Ultimo caffè in Senato
Ultimo caffè in Senato
Tra poche ore imballeremo anche lei, la tanto vituperata macchinetta del caffè, quella che “non lo fa buono come al bar”, ma in fondo in questi cinque anni ci è venuta spesso in soccorso: tutte le volte che non avevamo voglia o tempo di uscire dal “Palazzo” e di fare incontri faticosi se non sgradevoli; tutte le volte che desideravamo solo una pausa intima, due chiacchiere con una faccia davvero amica, qualcuno che ci ascoltasse, o ci distraesse. Una funzione essenziale dunque, la sua, nelle noste vite di semplici collaboratori parlamentari, o portaborse che dir si voglia. E ieri ha fatto il suo ultimo caffè in Senato. Tra le innumerevoli conseguenze del cambio di legislatura, infatti, rientra anche questa, per quanto piccola e insignificante che sia: lo stravolgimento della nostra quotidianità, la fine di consuetudini che abbiamo costruito e vissuto con grande piacere. L’atmosfera che ha accompagnato l’ultimo caffè, il giorno dopo le elezioni, non era allegra. A incupire i volti, prima di tutto, l’angoscia per il futuro, quello del Paese e quello di ciascuno di noi. Nessuno si aspettava che le menzogne di Berlusconi – sempre le stesse – venissero nuovamente strapremiate (“poveri snob”, come ha commentato Vittorio Zucconi). Nessuno si aspettava che l’antipolitica portasse in Parlamento un partito tanto forte (poveri illusi). Nessuno insomma, anche tra più critici nei confronti di questo Pd così sconclusionato (la maggior parte di noi), prevedeva questa pericolosa paralisi.

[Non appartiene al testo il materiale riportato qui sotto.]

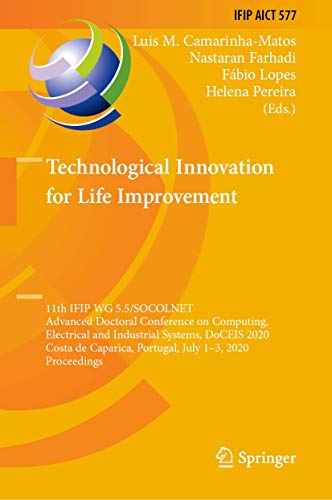 Stock image for Technological Innovation for Life Improvement. 11th IFIP WG 5.5/SOCOLNET. Advanced Doctoral Conference on Computing, Electrical and Industrial Systems, DoCEIS 2020 Costa de Caparica, Portugal, July 1-3, 2020. Proceedings. for sale by Antiquariat im Hufelandhaus GmbH  vormals Lange & Springer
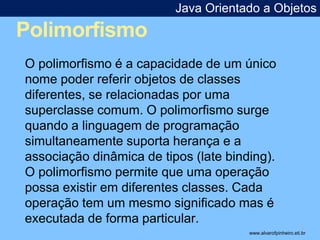 Polimorfismo 
Java Orientado a Objetos 
* 
O polimorfismo é a capacidade de um único 
nome poder referir objetos de classe...
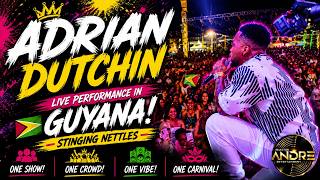 ADRIAN DUTCHIN LIVE at STINGINGNETTLES 2026 🔥🇬🇾
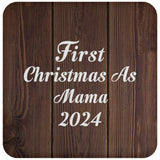 First Christmas As Mama 2024 - Drink Coaster D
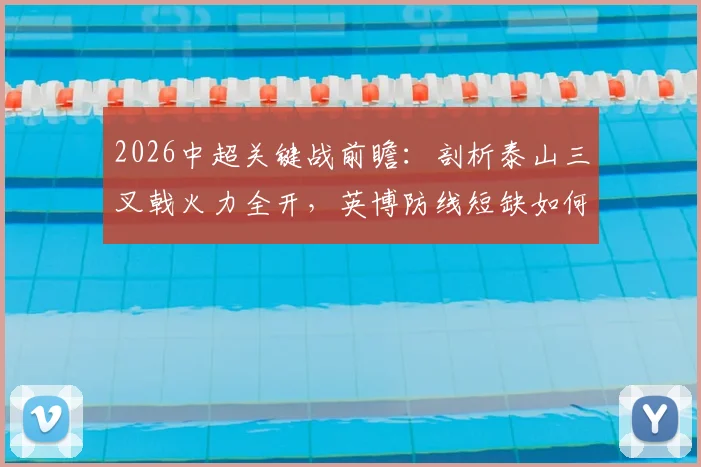 2026中超关键战前瞻：剖析泰山三叉戟火力全开，英博防线短缺如何应对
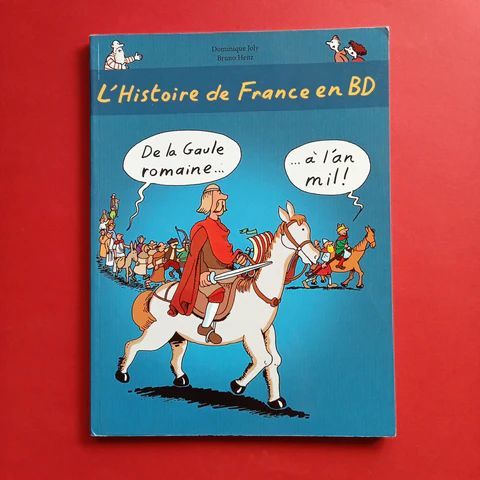 L'Histoire de France en BD -  De la Gaule romaine à l'an mil | Dominique Joly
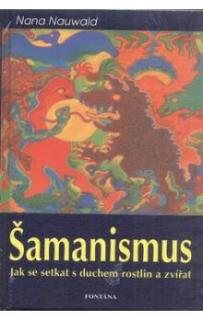 Šamanismus Jak se setkat s duchem rostlin a zvířat - Kniha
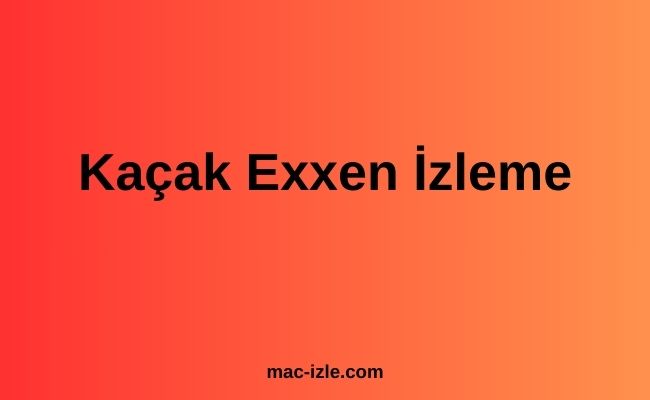 Kaçak Exxen İzleme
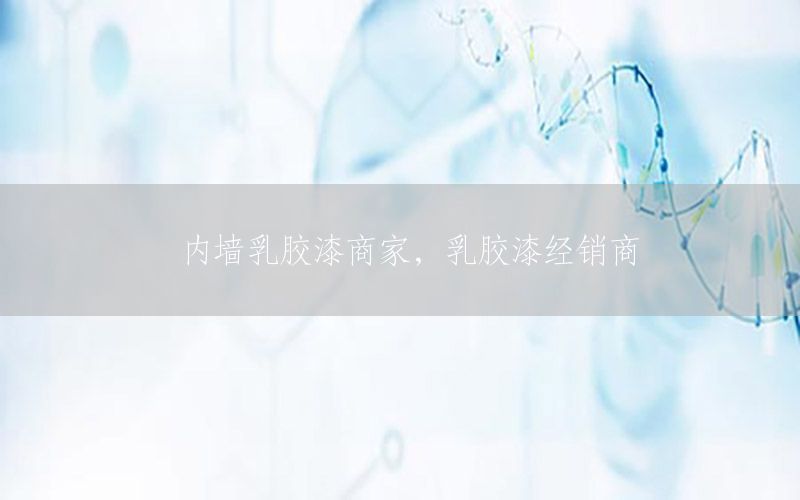 內(nèi)墻乳膠漆商家，乳膠漆經(jīng)銷商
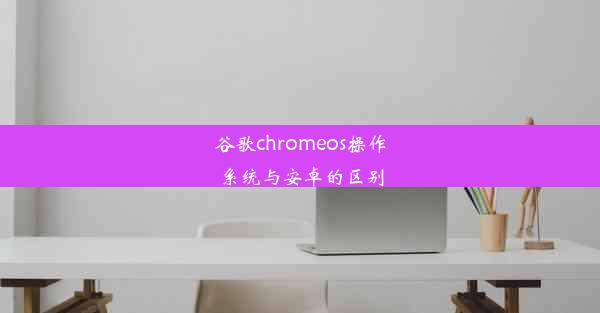 谷歌chromeos操作系统与安卓的区别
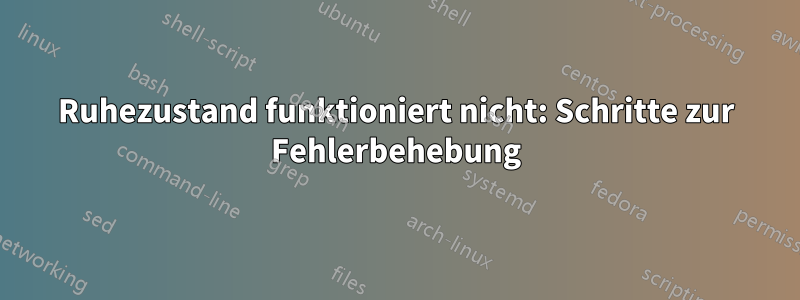 Ruhezustand funktioniert nicht: Schritte zur Fehlerbehebung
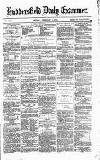 Huddersfield Daily Examiner Monday 05 February 1872 Page 1
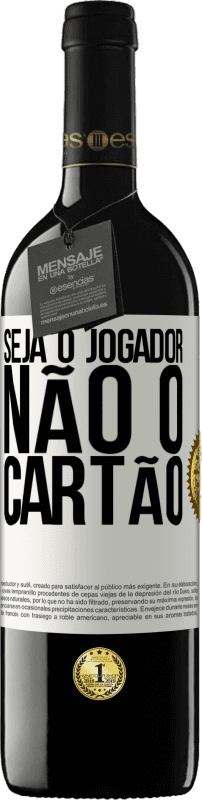 39,95 € Envio grátis | Vinho tinto Edição RED MBE Reserva Seja o jogador, não o cartão Etiqueta Branca. Etiqueta personalizável Reserva 12 Meses Colheita 2015 Tempranillo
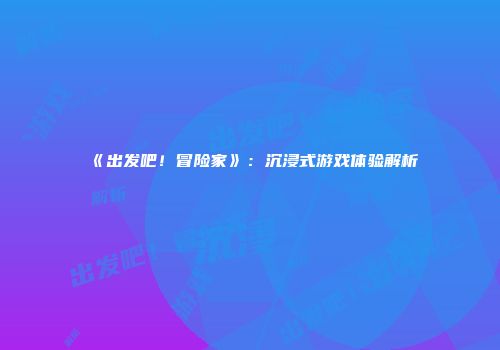 《出发吧！冒险家》：沉浸式游戏体验解析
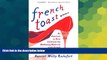 Ebook Best Deals  French Toast: An American in Paris Celebrates the Maddening Mysteries of the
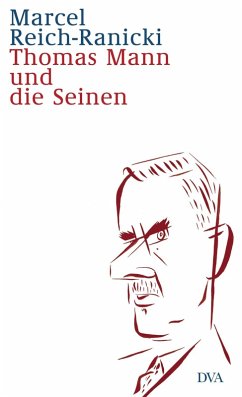 Thomas Mann und die Seinen (eBook, ePUB) - Reich-Ranicki, Marcel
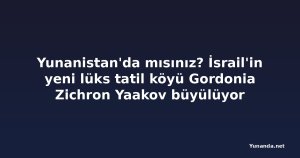 Yunanistan'da mısınız? İsrail'in yeni lüks tatil köyü Gordonia Zichron Yaakov büyülüyor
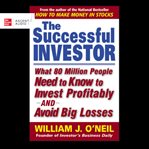 The successful investor : [what 80 million people need to know to invest profitably and avoid big losses] cover image
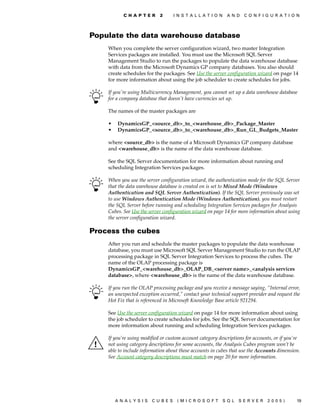 C H A P T E R    2     I N S T A L L A T I O N    A N D   C O N F I G U R A T I O N




Populate the data warehouse database
    When you complete the server configuration wizard, two master Integration
    Services packages are installed. You must use the Microsoft SQL Server
    Management Studio to run the packages to populate the data warehouse database
    with data from the Microsoft Dynamics GP company databases. You also should
    create schedules for the packages. See Use the server configuration wizard on page 14
    for more information about using the job scheduler to create schedules for jobs.

    If you're using Multicurrency Management, you cannot set up a data warehouse database
    for a company database that doesn't have currencies set up.

    The names of the master packages are

    •   DynamicsGP_<source_db>_to_<warehouse_db>_Package_Master
    •   DynamicsGP_<source_db>_to_<warehouse_db>_Run_GL_Budgets_Master

    where <source_db> is the name of a Microsoft Dynamics GP company database
    and <warehouse_db> is the name of the data warehouse database.

    See the SQL Server documentation for more information about running and
    scheduling Integration Services packages.

    When you use the server configuration wizard, the authentication mode for the SQL Server
    that the data warehouse database is created on is set to Mixed Mode (Windows
    Authentication and SQL Server Authentication). If the SQL Server previously was set
    to use Windows Authentication Mode (Windows Authentication), you must restart
    the SQL Server before running and scheduling Integration Services packages for Analysis
    Cubes. See Use the server configuration wizard on page 14 for more information about using
    the server configuration wizard.

Process the cubes
    After you run and schedule the master packages to populate the data warehouse
    database, you must use Microsoft SQL Server Management Studio to run the OLAP
    processing package in SQL Server Integration Services to process the cubes. The
    name of the OLAP processing package is
    DynamicsGP_<warehouse_db>_OLAP_DB_<server name>_<analysis services
    database>, where <warehouse_db> is the name of the data warehouse database.

    If you run the OLAP processing package and you receive a message saying, “Internal error,
    an unexpected exception occurred,” contact your technical support provider and request the
    Hot Fix that is referenced in Microsoft Knowledge Base article 921294.

    See Use the server configuration wizard on page 14 for more information about using
    the job scheduler to create schedules for jobs. See the SQL Server documentation for
    more information about running and scheduling Integration Services packages.

    If you’re using modified or custom account category descriptions for accounts, or if you’re
    not using category descriptions for some accounts, the Analysis Cubes program won’t be
    able to include information about those accounts in cubes that use the Accounts dimension.
    See Account category descriptions must match on page 20 for more information.




        ANALYSIS        CUBES       (MICROSOFT              SQL   SERVER       2005)         19
 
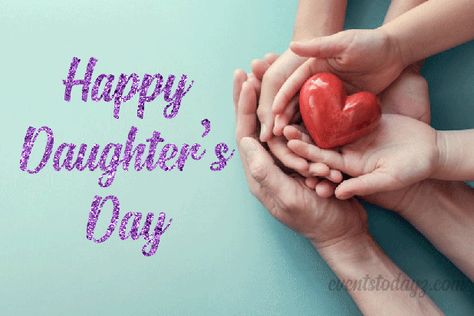 Happy Daughters Day GIF Images With Wishes & Messages Happy Daughters Day Images, Daughters Day Images, Happy Daughters Day, Romantic Good Night Image, Birthday Wishes Songs, Romantic Good Night, You Are The Sun, Alphabet Images, Daughters Day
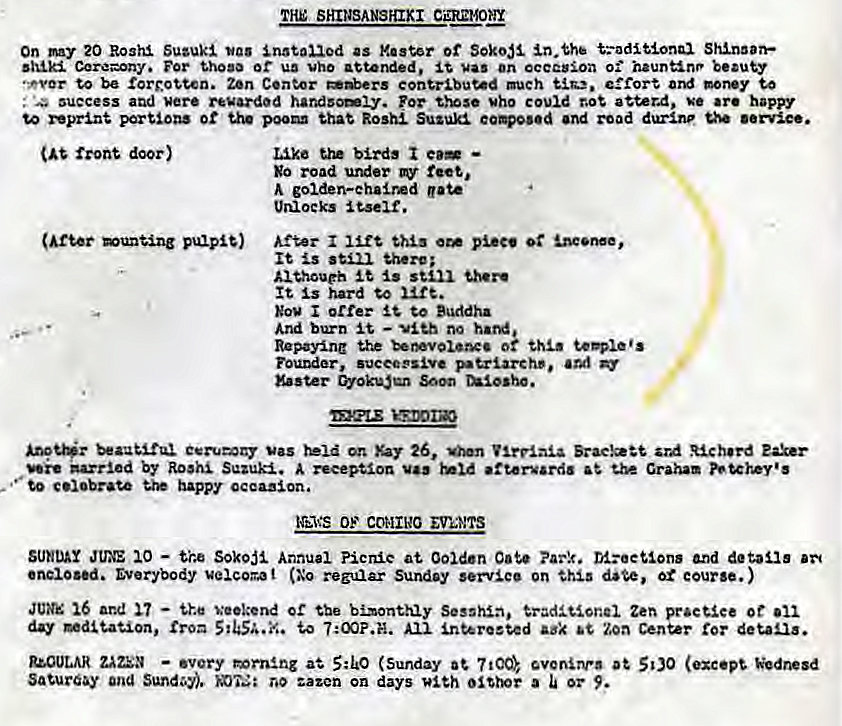 Machine generated alternative text:
THE SHINSANSHIXI CEREMONY 
On my 20 Rosha Suzuki Installed as or Seko# Shinaan•• 
Cere=ony. For thosa or vho attended. Vas On occasion o: hauntinr 
to be Zen Center contributed much effort money to 
. Necess and were regarded handsomiy. Mho could atter.d, ve •re happy 
reprint portions ot the poo that Roshl Suzuki and road durine 
front door) 
pulpit) 
Like e.— 
go road under feet, 
golden-ehalrd gate 
After 
It 
*ithoueh still 
It Is hard to 
I orrer to Buddha 
And burn — no 
Repaying 0k 
Founder, 
Vas Xay 26, *aeke" Rich..d 
by Roshi Suzuki. reception •ttervardo the Graha. 
to happy occazlon. 
OF COMINO 
JUE XO — the Sokoi Annual Picnic at Ooid•n n:eeuons and 
enclosed. Everybody uelcor,at (Xo regular Sunday service on ot course.) 
16 and Weekend tse bimonthly Zen 
day to 7:00F.. •erosted ak Zoa Center detaa. 
uOULAR ZAZEN — •very S:LO (Sunday 500 (exc•pV Wcdnesd 
Sa%uray ana no zazen on days a or 9. 
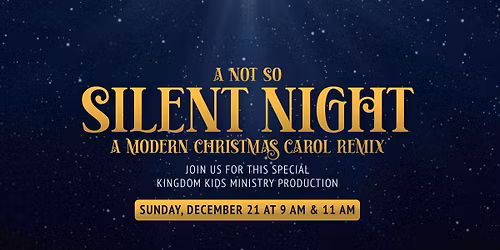 A NOT SO SILENT NIGHT: A MODERN CHRISTMAS CAROL REMIX PRODUCTION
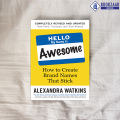 Hello, My Name is Awesome - Alexandra Watkins. 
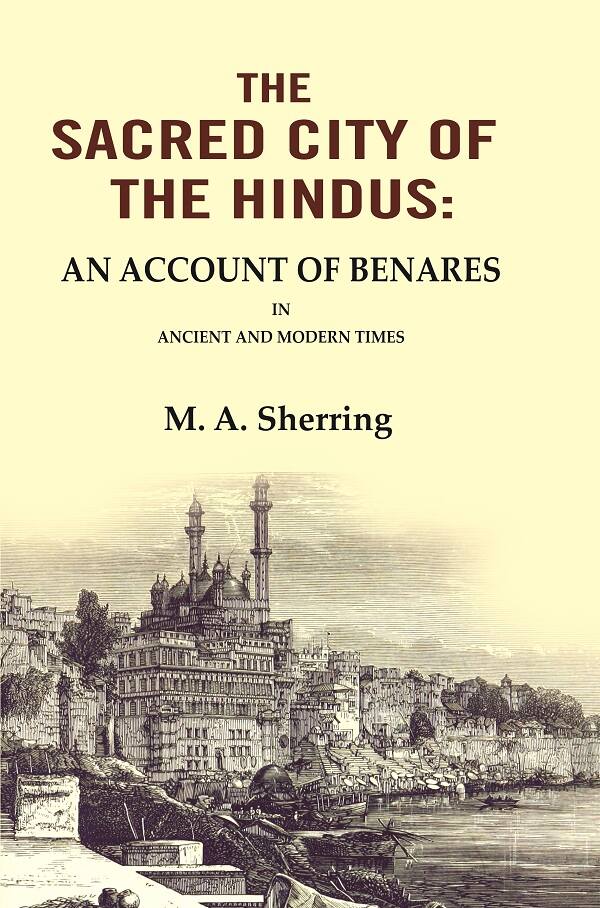 The Sacred City of the Hindus: An Account of Benares in Ancient and Modern Times - Gyan Books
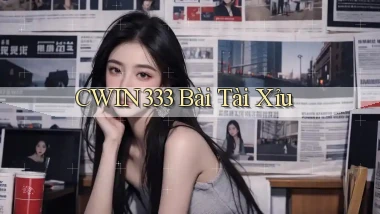 cwin333 bài tài xỉu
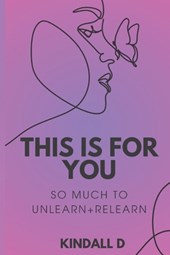 This is For You: So Much to Unlearn + Relearn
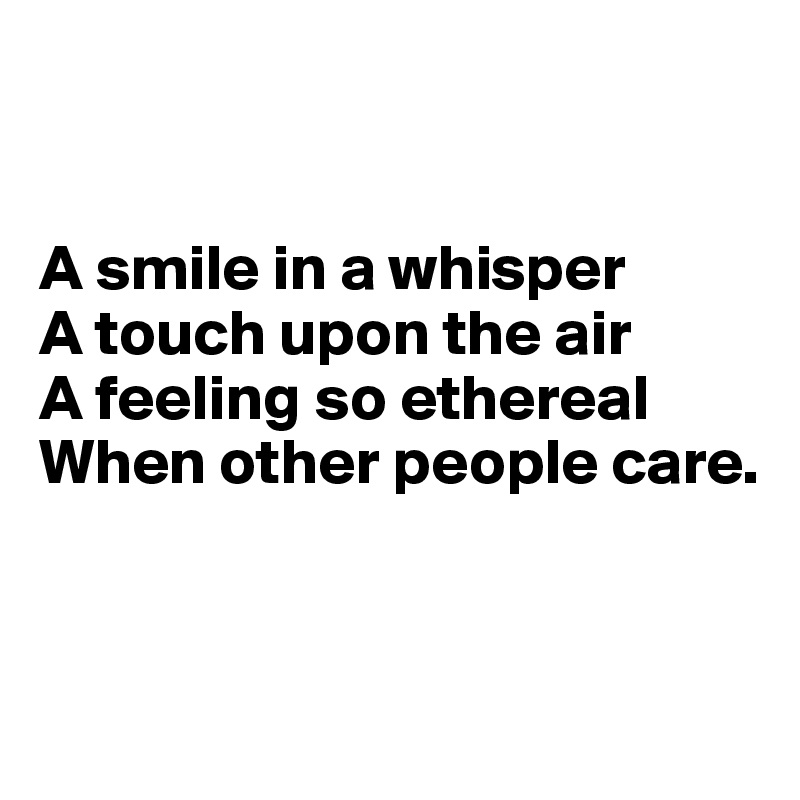 


A smile in a whisper 
A touch upon the air
A feeling so ethereal When other people care.


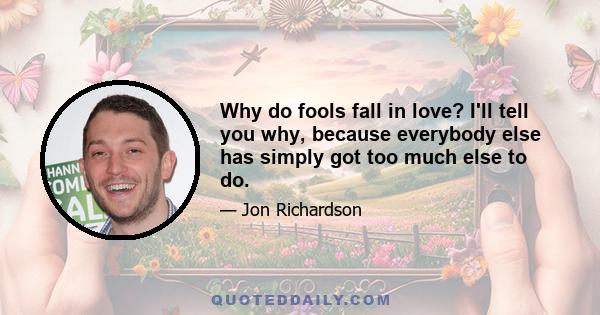 Why do fools fall in love? I'll tell you why, because everybody else has simply got too much else to do.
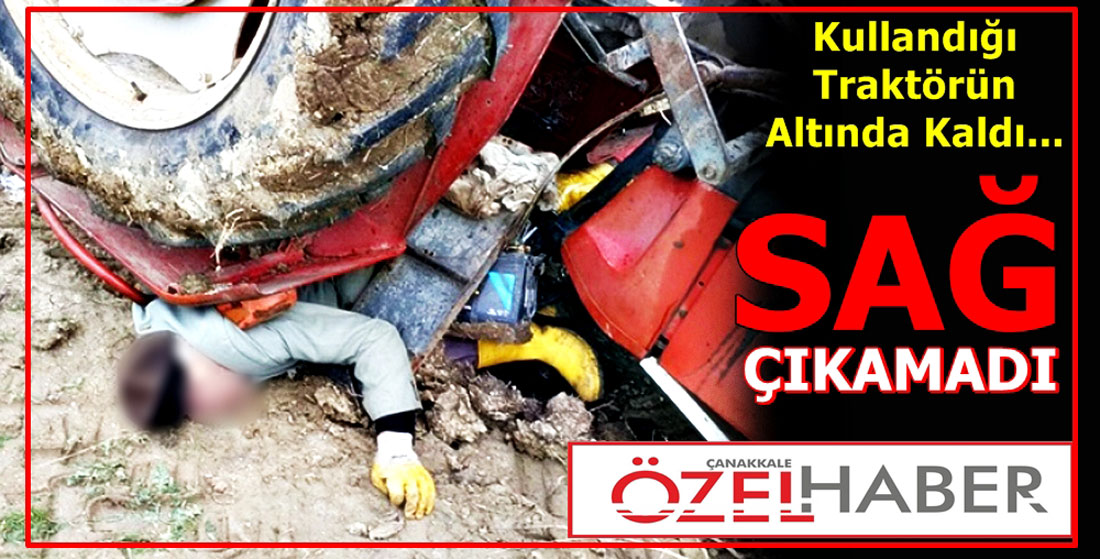 KULLANDIĞI TRAKTÖR AZRAİLİ OLDU..!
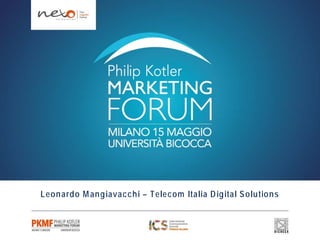 Leonardo Mangiavacchi – Telecom Italia Digital Solutions
 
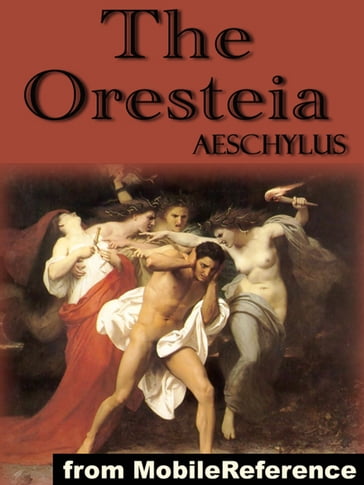 The Oresteia: Trilogy Includes Agamemnon, The Libation Bearers And The Eumenides (Mobi Classics) - Aeschylus - E. D. A. Morshead (Translator)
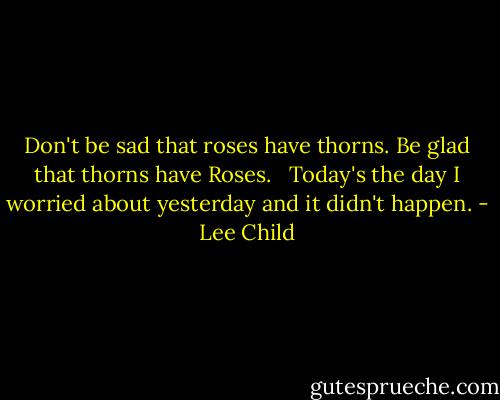 Don't be sad that roses have thorns.<br />Be glad that thorns have Roses.<br /><br /><br />Today's the day I worried about yesterday and it didn't happen. - Lee Child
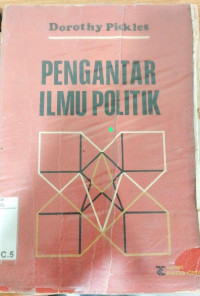 Pengantar ilmu politik : Dorothy Pickles; diterjemahkan oleh F. Isjwara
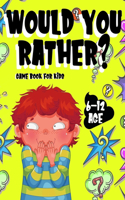 Would You Rather Game Book For Kids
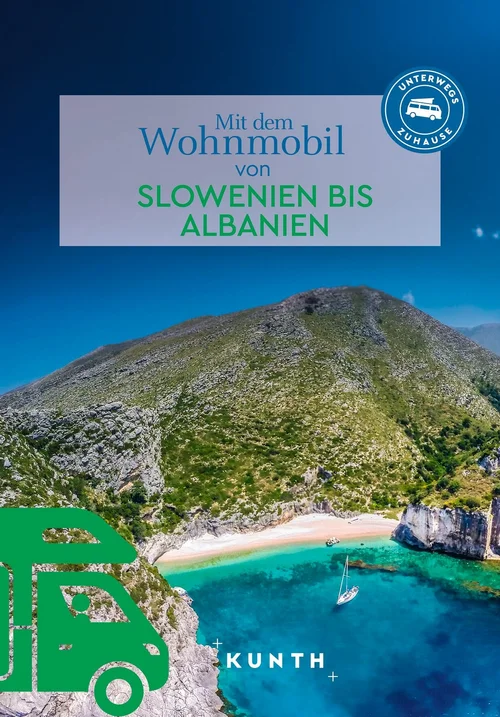 KUNTH Mit dem Wohnmobil von Slowenien bis Albanien KUNTH Mit dem Wohnmobil von Slowenien bis Albanien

C’è chi dà la colpa ai dirigenti di partito (come sparare sulla Croce Rossa), chi a milioni di elettori egoisti, indifferenti, incoscienti, ma a regnare sovrano è lo sgomento. E ora? Mentre lo spread ricomincia la sua corsa verso l’altro, qualcuno di noi rimane senza lavoro e aggiorna il curriculum, mentre chi ha il “capo” nuovamente eletto, si prepara a firmare il contratto più breve di sempre, chiedendosi quanto può durare questa legislatura orfana di maggioranza. E non è tutto. A intristire il nostro ultimo incontro in Senato, la prospettiva di perdere tante amate consuetudini quotidiane, quelle che per cinque anni, giorno dopo giorno, hanno visto fiorire amicizie allegre e preziose, a dispetto del grigiore di palazzo. Non sarà certo il cambio di legislatura a farle appassire, tanti caffè, e pranzi, e cene, ci riuniranno ancora, ma il rimpianto per alcuni vicini di stanza insostituibili rimarrà a lungo.